[Crawled caption data]
_ _ _ _
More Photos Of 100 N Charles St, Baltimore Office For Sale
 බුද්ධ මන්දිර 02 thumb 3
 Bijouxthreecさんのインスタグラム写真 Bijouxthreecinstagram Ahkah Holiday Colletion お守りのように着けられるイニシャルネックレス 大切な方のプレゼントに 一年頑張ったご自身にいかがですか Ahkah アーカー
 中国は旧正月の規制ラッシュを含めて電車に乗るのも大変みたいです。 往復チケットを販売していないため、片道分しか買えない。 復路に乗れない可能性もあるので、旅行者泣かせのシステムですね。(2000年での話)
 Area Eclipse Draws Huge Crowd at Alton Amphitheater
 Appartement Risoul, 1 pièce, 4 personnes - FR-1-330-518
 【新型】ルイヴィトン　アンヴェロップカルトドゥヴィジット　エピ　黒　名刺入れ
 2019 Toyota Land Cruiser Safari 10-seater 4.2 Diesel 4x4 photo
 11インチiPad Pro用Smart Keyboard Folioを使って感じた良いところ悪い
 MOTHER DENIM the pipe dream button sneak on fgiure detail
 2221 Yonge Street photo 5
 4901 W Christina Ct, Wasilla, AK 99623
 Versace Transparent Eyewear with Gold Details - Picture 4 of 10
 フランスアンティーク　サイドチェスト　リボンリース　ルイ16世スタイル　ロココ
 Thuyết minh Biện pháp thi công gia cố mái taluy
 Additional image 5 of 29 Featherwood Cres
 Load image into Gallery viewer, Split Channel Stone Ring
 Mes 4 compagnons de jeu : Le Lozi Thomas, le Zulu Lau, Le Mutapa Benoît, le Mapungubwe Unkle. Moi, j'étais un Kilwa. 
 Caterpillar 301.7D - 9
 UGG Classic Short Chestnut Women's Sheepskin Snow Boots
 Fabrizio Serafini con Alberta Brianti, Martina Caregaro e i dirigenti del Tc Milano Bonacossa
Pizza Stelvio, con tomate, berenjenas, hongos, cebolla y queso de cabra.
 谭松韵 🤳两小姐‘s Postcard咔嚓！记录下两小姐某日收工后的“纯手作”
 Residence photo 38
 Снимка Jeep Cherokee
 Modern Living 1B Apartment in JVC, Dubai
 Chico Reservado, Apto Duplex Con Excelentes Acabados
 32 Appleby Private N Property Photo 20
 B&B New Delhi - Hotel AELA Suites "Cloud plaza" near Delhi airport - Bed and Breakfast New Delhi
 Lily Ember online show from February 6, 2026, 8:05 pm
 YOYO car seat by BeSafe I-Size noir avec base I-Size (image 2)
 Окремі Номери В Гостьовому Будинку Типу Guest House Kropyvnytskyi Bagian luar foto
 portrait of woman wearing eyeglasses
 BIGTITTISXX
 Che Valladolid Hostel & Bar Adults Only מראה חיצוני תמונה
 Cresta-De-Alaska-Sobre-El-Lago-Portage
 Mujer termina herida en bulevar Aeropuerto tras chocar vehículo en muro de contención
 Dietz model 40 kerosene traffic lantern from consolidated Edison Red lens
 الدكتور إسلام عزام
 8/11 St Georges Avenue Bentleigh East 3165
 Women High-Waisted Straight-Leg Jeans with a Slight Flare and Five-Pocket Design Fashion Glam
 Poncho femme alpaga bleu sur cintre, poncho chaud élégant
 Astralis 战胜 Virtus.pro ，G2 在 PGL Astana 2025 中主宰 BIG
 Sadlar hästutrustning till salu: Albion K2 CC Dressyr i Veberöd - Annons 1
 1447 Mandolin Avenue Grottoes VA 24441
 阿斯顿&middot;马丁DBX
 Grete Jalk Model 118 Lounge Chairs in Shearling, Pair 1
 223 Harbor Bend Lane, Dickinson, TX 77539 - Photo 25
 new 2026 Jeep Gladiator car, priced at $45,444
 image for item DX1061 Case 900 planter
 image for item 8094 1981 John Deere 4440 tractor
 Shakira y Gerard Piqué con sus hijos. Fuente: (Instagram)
_ _ _ _
* [Exercise]:
What lines in the records contain the word "Women"? Return each one.

* [Solution for this task]:
 UGG Classic Short Chestnut Women's Sheepskin Snow Boots
 Women High-Waisted Straight-Leg Jeans with a Slight Flare and Five-Pocket Design Fashion Glam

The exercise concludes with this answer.